From our results over that time, if HPET was having any effect, it was unnoticed: our results were broadly similar to others, and each of the products fell in line with where they were expected. Over the several review cycles we had, there were a couple of issues that cropped up that we couldn’t explain, such as our Skylake-X gaming numbers that were low, or the first batch of Ryzen gaming tests, where the data was thrown out for being obviously wrong however we never managed to narrow down the issue.

Enter our Ryzen 2000 series numbers in the review last week, and what had changed was the order of results.

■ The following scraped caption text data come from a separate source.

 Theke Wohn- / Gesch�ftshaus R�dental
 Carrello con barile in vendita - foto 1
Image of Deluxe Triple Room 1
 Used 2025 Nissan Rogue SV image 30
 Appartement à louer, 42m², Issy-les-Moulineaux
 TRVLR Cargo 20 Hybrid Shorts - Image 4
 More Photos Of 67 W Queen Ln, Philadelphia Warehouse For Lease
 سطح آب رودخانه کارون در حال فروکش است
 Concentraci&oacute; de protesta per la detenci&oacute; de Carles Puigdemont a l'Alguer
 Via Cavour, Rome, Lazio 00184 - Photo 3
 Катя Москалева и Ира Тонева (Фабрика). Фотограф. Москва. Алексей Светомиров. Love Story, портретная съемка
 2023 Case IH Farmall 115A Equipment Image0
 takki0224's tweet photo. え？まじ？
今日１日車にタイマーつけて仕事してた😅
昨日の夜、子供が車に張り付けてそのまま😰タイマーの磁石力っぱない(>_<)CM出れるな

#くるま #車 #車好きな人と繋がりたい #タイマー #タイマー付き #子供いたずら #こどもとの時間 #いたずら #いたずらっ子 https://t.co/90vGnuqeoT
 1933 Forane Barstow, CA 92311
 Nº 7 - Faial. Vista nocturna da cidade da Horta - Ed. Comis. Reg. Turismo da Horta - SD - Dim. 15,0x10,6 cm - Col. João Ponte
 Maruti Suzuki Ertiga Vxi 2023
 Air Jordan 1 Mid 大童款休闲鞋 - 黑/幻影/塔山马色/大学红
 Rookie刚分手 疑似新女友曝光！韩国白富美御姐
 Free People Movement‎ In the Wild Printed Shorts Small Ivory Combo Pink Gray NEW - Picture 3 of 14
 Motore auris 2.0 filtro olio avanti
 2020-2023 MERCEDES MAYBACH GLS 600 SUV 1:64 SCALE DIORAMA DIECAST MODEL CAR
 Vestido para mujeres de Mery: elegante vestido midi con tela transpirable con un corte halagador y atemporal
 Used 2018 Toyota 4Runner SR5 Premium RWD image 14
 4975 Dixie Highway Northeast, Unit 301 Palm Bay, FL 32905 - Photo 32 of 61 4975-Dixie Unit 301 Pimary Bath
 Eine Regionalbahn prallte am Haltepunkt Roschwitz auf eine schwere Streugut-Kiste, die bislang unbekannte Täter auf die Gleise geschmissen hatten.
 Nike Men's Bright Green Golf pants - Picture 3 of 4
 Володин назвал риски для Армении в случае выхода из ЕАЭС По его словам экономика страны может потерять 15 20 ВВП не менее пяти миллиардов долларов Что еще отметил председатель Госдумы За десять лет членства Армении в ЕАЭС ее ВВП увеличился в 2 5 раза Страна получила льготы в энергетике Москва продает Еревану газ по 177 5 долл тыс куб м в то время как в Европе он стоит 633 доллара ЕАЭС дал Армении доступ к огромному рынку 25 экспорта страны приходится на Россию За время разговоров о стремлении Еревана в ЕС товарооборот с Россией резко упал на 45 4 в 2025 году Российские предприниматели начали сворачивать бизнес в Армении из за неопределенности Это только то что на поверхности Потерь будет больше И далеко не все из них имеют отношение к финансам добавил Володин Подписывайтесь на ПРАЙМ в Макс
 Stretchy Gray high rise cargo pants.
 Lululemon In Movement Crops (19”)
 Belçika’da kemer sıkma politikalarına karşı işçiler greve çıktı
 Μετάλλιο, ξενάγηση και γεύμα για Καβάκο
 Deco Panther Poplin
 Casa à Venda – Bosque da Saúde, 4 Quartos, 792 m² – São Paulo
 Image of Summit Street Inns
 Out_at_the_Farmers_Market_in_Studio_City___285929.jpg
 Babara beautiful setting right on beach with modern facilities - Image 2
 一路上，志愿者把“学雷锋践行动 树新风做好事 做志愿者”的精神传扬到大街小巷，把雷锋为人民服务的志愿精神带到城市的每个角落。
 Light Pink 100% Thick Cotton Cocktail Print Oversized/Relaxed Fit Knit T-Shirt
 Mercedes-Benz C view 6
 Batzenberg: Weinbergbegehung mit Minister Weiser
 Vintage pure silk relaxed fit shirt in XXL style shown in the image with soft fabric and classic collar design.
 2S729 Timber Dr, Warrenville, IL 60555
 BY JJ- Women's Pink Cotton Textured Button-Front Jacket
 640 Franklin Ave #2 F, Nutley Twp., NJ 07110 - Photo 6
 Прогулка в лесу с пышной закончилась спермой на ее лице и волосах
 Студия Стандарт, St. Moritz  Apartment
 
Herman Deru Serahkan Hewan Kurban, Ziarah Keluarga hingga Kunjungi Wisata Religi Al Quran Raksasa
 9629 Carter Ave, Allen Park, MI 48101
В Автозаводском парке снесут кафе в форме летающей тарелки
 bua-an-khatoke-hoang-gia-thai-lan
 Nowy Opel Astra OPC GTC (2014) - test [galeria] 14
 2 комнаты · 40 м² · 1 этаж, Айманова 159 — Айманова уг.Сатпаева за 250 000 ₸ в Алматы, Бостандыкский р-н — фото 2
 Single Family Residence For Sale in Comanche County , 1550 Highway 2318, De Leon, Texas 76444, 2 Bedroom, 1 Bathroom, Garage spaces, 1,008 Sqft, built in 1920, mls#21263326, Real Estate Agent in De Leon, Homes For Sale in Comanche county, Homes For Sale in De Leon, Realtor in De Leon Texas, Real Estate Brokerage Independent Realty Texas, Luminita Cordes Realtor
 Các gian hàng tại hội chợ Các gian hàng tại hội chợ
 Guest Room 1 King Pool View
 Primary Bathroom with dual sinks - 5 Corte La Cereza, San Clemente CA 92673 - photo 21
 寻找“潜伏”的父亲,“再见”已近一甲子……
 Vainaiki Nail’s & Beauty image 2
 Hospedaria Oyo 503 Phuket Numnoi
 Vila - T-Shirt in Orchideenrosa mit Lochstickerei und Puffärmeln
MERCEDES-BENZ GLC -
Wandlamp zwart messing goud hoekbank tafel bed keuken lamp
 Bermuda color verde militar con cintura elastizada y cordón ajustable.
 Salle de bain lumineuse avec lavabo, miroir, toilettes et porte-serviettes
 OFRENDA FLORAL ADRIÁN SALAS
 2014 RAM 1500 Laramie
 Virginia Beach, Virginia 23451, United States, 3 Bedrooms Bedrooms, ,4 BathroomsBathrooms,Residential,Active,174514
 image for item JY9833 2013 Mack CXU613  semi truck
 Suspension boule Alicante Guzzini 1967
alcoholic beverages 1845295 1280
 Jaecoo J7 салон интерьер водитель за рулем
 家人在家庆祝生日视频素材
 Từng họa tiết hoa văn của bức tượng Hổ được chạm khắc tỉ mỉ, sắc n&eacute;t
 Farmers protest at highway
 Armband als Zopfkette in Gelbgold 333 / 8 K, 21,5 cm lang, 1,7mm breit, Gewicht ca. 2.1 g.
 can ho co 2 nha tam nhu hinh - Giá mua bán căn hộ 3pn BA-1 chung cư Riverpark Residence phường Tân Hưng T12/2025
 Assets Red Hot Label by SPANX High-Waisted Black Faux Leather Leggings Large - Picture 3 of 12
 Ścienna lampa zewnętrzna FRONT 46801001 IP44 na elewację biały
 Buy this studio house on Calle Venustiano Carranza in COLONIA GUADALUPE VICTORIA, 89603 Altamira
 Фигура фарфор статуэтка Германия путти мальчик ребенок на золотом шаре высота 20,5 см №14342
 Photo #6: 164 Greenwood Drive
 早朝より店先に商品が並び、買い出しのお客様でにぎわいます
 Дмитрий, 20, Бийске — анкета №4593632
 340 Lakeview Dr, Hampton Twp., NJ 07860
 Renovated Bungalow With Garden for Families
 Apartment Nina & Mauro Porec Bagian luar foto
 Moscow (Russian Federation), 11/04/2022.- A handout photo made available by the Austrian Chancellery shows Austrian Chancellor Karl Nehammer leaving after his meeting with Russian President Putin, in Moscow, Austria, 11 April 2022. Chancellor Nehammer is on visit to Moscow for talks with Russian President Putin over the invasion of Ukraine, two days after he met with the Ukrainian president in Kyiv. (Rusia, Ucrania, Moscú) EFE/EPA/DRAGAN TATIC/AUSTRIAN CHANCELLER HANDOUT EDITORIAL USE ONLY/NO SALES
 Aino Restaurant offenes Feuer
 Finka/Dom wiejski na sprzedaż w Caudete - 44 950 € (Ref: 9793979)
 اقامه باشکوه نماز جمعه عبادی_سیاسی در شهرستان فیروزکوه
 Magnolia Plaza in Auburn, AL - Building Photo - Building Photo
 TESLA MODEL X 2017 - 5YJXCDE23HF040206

The way that forcing HPET was affecting results was seemingly adjusted when we bundle in the Spectre and Meltdown patches that also come with their own performance decrease on some systems. Pulling one set of results down further than expected started some alarm bells and needed closer examination.

HPET, by the way it is invoked, is programmed by a memory mapped IO window through the ACPI into the circuit found on the chipset. Accessing it is very much an IO command, and one of the types of commands that fall under the realm of those affected by the Spectre and Meltdown patches. This would imply that any software that required HPET access (or all timing software if HPET is forced) would have the performance reduced even further when these patches are applied, further compounding the issue.

It Affects AMD and Intel Differently: Productivity

So far we have done some quick initial re-testing on the two key processors in this debate, the Ryzen 7 2700X and Intel Core i7-8700K. These are the two most talked about processors at this time, due to the fact that they are closely matched in performance and price, with each one having benefits in certain areas over the other. For our new tests, we have enabled the Spectre/Meltdown patches on both systems – HPET is ‘on’ in the BIOS, but left as ‘default’ in the operating system.

For our productivity tests, on the Intel system, there was an overall +3.3% gain when un-forcing HPET in the OS:

The biggest gains here were in the web tests, a couple of the renderers, WinRAR (memory bound), and PCMark 10. Everything else was pretty much identical. Our compile tests gave us three very odd consecutive numbers, so we are looking at those results separately.

On the AMD system, the productivity tests difference was an overall +0.3% gain when un-forcing HPET in the OS:

This is a lower gain, with the biggest rise coming from PCMark10’s video conference test to the tune of +16%. The compile test results were identical, and a lot of tests were with 1-2%.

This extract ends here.